Kahneman didn’t give them the blueprint for how this is done, but his science has revealed just how easy it can be to steer and nudge a person’s behaviour and beliefs if you understand how inherently biased our thinking can be.

The solution? There is no pill (red or blue) that can help people do more slow thinking and better reflect on the biases inherent in their fast thinking. As Kahneman has demonstrated throughout his career, humans simply think the way that they think. However, society has created many institutions that provide checks and balances on the way marketeers sell products and politicians acquire and use power. The integrity of these institutions is the bridge between day-to-day politics and good policy outcomes.

Australia is currently in election mode with a federal election only days away. Political integrity and climate change are a major concern to most Australians. Despite this, the incumbent conservative government has long resisted the establishment of an independent integrity commission to test the many claims of corruption that have been levelled at it over the years. And this government has been seen as dragging the chain on climate action (and lying about what they are actually doing).

And yet, our Prime Minister, a man who has been described as lacking a moral compass and being a serial liar (by his own colleagues!), is a masterful marketeer. Nick named ‘Scotty from Marketing’, maybe he should be retitled Australia’s ‘Prime Marketeer’. He knows how to spin a simple and coherent story and stick to it. He knows how to scare people about the costs of change, and divide communities by playing on people’s prejudices and fears. Using these skills he pulled off ‘a miracle’ victory at the last election.

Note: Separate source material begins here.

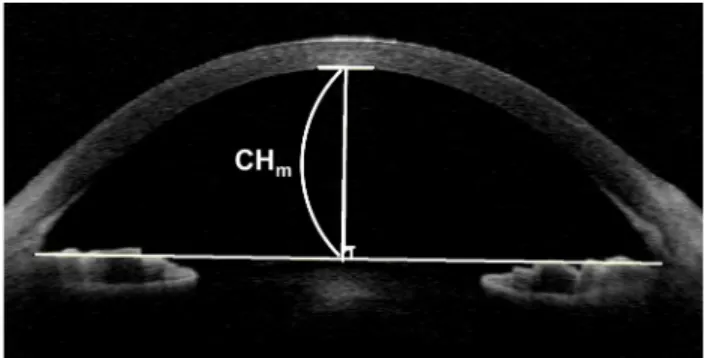 Fig. 1. An anterior segment optical coherence tomography image.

Thinking fast has served him well. Now, for a meaningful response to multiple environmental emergencies, it’s time for a little reflection; a little more thinking slow is called for.

*Thinking, fast and slow

To be honest, I had never heard of Daniel Kahneman 15 years ago. But then I began working for a group of environmental decision scientists and his name constantly came up. Kahneman was the leading light who illuminated why our internal decision-making processes were so flawed, so biased. He was the ‘god’ who (along with his friend Amos Tversky**) had published the landmark paper ‘Judgement under uncertainty: heuristics and biases’ in 1974 in the journal Science, one of the most widely read papers of all time I was told. Well, I tried reading it and found it too technical and dense to take in.

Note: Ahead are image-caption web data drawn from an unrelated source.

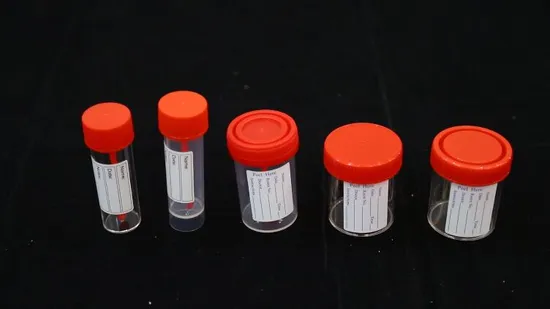 Disposable Medical Plastic 5ml Stool Container with Spoon for Stool Specimen Collection Use 
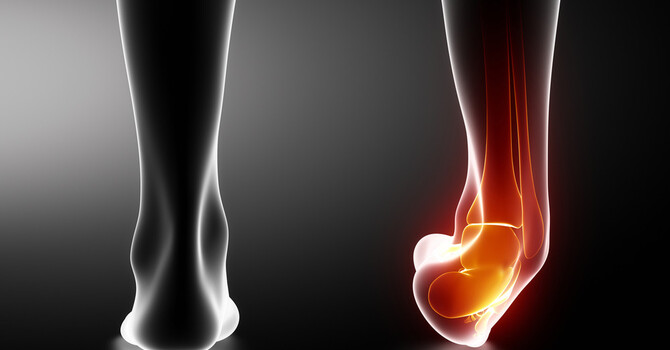 Rethinking Injury Recovery: RICE vs PACE Protocol image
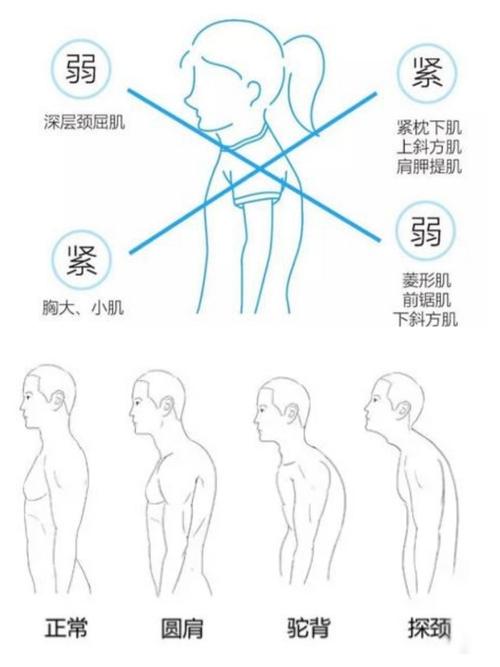 让我们来科普一下上交叉综合症的康复治疗吧.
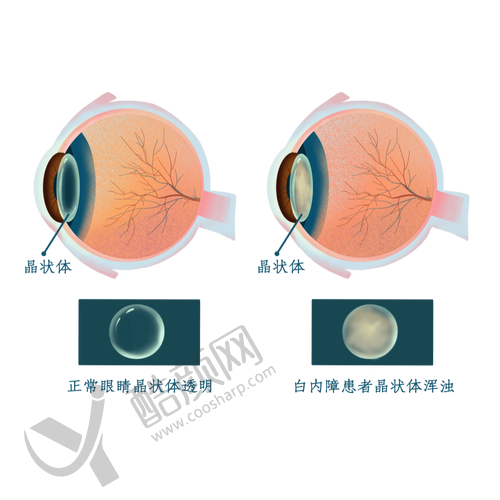 成都普瑞眼科医院普通白内障手术的真实评价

Then, in 2011, Kahneman published Thinking, fast and slow. Someone described it as a 500-page version of his 1974 paper. Not a great sales pitch for me, I’m afraid.

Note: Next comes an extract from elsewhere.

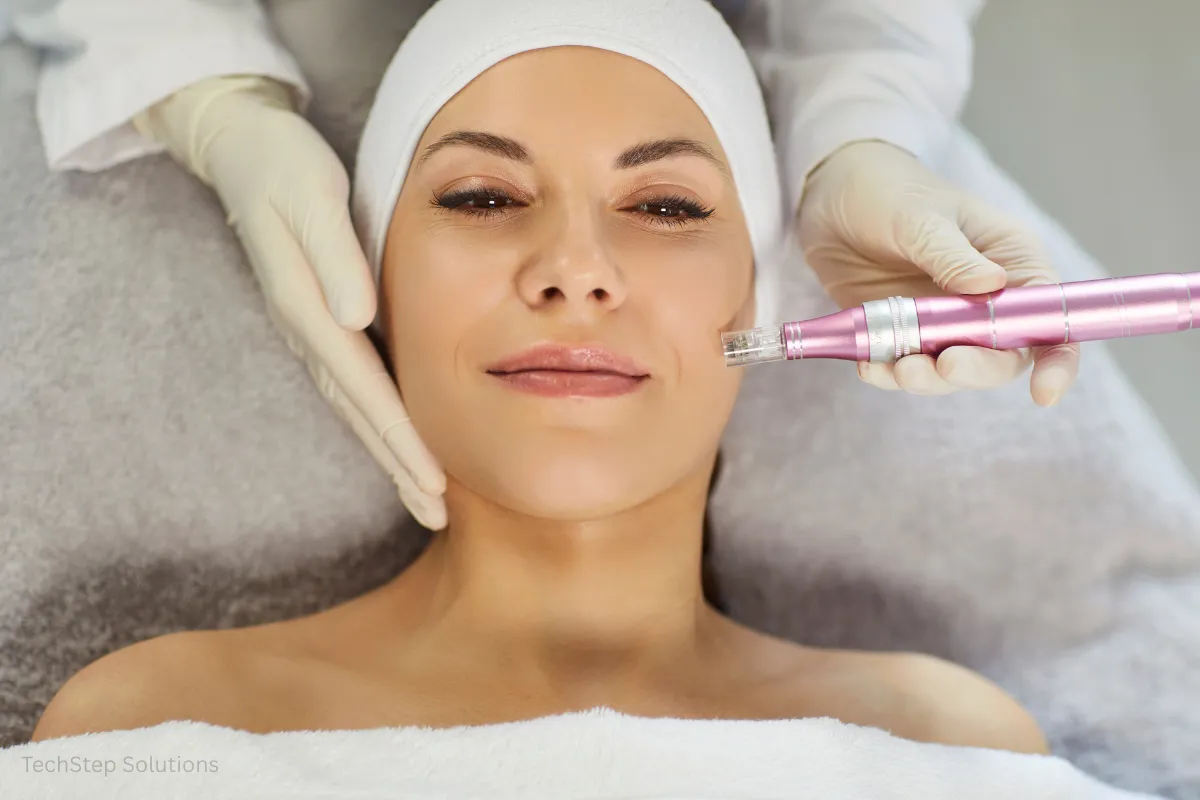 microneedling before after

However, just prior to the corona pandemic, I spied Thinking, fast and slow on a friend’s bookshelf and asked to borrow it. It took over a year before I found the courage to open it (it was my big pandemic read), six months to wade through it, and another three months before I’ve attempted to write down why I found its wisdom so compelling.

So, for me, my journey with Kahneman has been a long one. And now that I have finished this blog, I can return Thinking, fast and slow to my friend Michael Vardon, who loaned it to me many moons ago. Thanks Michael, sorry about the delay.

** Amos Tversky

If I’ve interested you at all in Daniel Kahneman but possibly put you off reading Thinking, fast and slow (because who has time to read a 500-page horse pill of information on cognitive biases) then I highly recommend another book that covers the same ground but from a more personal framing. This one is about Daniel Kahneman and his life-long colleague and closest friend, Amos Tversky. The book is called The Undoing Project and is written by Michael Lewis (who also wrote The Big Short and Moneyball, both about biases in the way we think and assess risk). It tells the story of Kahneman and Tversky, both Israeli psychologists, and how together they unpicked the many ways our thinking is biased without us even being aware of it. Not only does The Undoing Project give an excellent overview of the research described in greater detail by Kahneman in Thinking, fast and slow, it also paints a touching portrait of the friendship between two of the world’s finest minds. Tversky tragically died of cancer in 1996.